**EXERCISE INSTRUCTIONS:** Print every line of the listing below, starting with the line that holds "Tasuvure X MW" and going on through the line that holds "Constellation 38mm SS", both included, and print nothing else.

**DATASET ENTRIES:**
__________
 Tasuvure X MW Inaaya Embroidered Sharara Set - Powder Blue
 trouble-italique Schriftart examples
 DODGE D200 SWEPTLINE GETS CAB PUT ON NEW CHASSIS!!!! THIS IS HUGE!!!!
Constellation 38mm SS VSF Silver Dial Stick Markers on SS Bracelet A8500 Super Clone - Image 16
__________
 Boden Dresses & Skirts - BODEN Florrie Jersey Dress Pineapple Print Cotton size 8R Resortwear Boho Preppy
__________
**FINISHED TASK:**
 Tasuvure X MW Inaaya Embroidered Sharara Set - Powder Blue
 trouble-italique Schriftart examples
 DODGE D200 SWEPTLINE GETS CAB PUT ON NEW CHASSIS!!!! THIS IS HUGE!!!!
Constellation 38mm SS VSF Silver Dial Stick Markers on SS Bracelet A8500 Super Clone - Image 16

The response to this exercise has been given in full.